Exemples de plannings hebdomadaires selon le niveau de volume

Coureurs à faible volume (30–40 km/semaine, 4 jours de course)

Convient à : coureurs débutants en préparation marathon, coureurs de semi-marathon

  • Lundi : course facile 8 km → gainage + renforcement des fessiers, 30 minutes
  • Mardi : repos complet ou yoga/étirements
  • Mercredi : fractionné (5×1000 m)
  • Jeudi : renforcement musculaire du bas du corps (squats, fentes, ponts de bassin), 60 minutes
  • Vendredi : repos complet
  • Samedi : allure seuil 8–10 km
  • Dimanche : sortie longue 16–20 km

Coureurs à volume moyen (50–70 km/semaine, 5 jours de course)

Convient à : coureurs sérieux en milieu de préparation marathon

  • Lundi : course facile 10 km + circuit de gainage après la course, 20 minutes
  • Mardi : fractionné (8×800 m)
  • Mercredi : renforcement musculaire du bas du corps, 60 minutes (squats, fentes bulgares, descentes de step)
  • Jeudi : course facile 10 km
  • Vendredi : allure seuil 12 km
  • Samedi : renforcement du haut du corps + gainage, 45 minutes (sans le bas du corps)
  • Dimanche : sortie longue 25–30 km

Coureurs à haut volume (80–100 km/semaine, 6 jours de course)

Convient à : coureurs visant sérieusement un record personnel (PB) sur marathon

  • Lundi : course facile 14 km + circuit de gainage 15 minutes (après la course)
  • Mardi : fractionné (10×1000 m)
  • Mercredi : course facile 12 km + musculation d’entretien du bas du corps 30 minutes (1 à 2 séries, sans charge lourde)
  • Jeudi : allure tempo 16 km
  • Vendredi : course facile 10 km
  • Samedi : course de distance moyenne 16 km + exercices d’activation des fessiers, 15 minutes (avant la course)
  • Dimanche : sortie longue 30 km

Le mécanisme d’ajustement dynamique

Le planning n’est pas figé : il doit être ajusté dynamiquement en fonction des indicateurs suivants.

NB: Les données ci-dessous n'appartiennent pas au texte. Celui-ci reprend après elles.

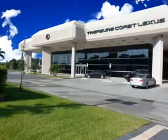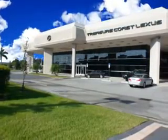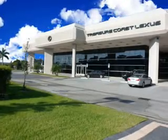Thank you for viewing this Treasure Coast Lexus vehicle video. As always, you are invited to experience the difference at Treasure Coast Lexus. Call, click, or come in and see all we have to offer.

Quand augmenter le volume de musculation :

  • Pendant les semaines de réduction du volume de course (semaine d’affûtage, semaine de reprise après blessure)
  • Plus de 10 semaines avant la compétition
  • Quand la forme physique est bonne et la récupération satisfaisante

Quand réduire le volume de musculation :

  • Pendant les semaines d’augmentation du volume de course (semaine de montée en kilométrage)
  • Les 3 semaines précédant une compétition importante
  • Quand la fréquence cardiaque de repos matinale est plus élevée que d’habitude
  • Quand l’entraînement de la semaine précédente a paru particulièrement fatigant

Conseils pratiques

  • Testez d’abord pendant 2 semaines : ne planifiez pas d’emblée un programme d’intégration parfait sur 12 semaines. Testez-le pendant 2 semaines, observez la réaction de votre corps, puis ajustez.
  • Commencez la musculation à 30–45 minutes : lors de l’intégration initiale, il n’est pas nécessaire de viser une séance de gym complète. Une séance de 30 à 45 minutes ciblant le gainage, les fessiers et le bas du corps peut déjà apporter des bénéfices significatifs.
  • Tenez un journal d’entraînement pour noter vos sensations : notez votre niveau de fatigue (de 1 à 10) après chaque séance pour faciliter le suivi et les ajustements.
  • Informez votre partenaire d’entraînement ou votre entraîneur : si vous avez un entraîneur de course, informez-le que vous avez ajouté de la musculation, afin qu’il puisse en tenir compte dans la planification de votre volume de course.
  • Acceptez les semaines d’entraînement « imparfaites » : parfois, le stress professionnel ou les contraintes familiales viennent perturber tout le plan. C’est normal. Terminer une semaine d’entraînement « sous-optimale » est bien plus important qu’abandonner le plan entier.

Conclusion

Intégrer deux séances de renforcement musculaire par semaine dans un plan d’entraînement de course à pied est l’une des stratégies les plus efficaces pour les coureurs taïwanais souhaitant améliorer leur performance athlétique globale. La clé d’une intégration réussie ne réside pas dans la recherche d’une « formule de planning parfaite », mais dans la compréhension des principes de base, l’observation de la réaction de récupération de votre propre corps, et un ajustement continu. Dès aujourd’hui, choisissez un exemple de planning adapté à votre volume de course actuel, testez-le pendant 4 semaines, et laissez votre corps vous indiquer la direction à suivre — c’est là le véritable chemin vers une progression durable et continue.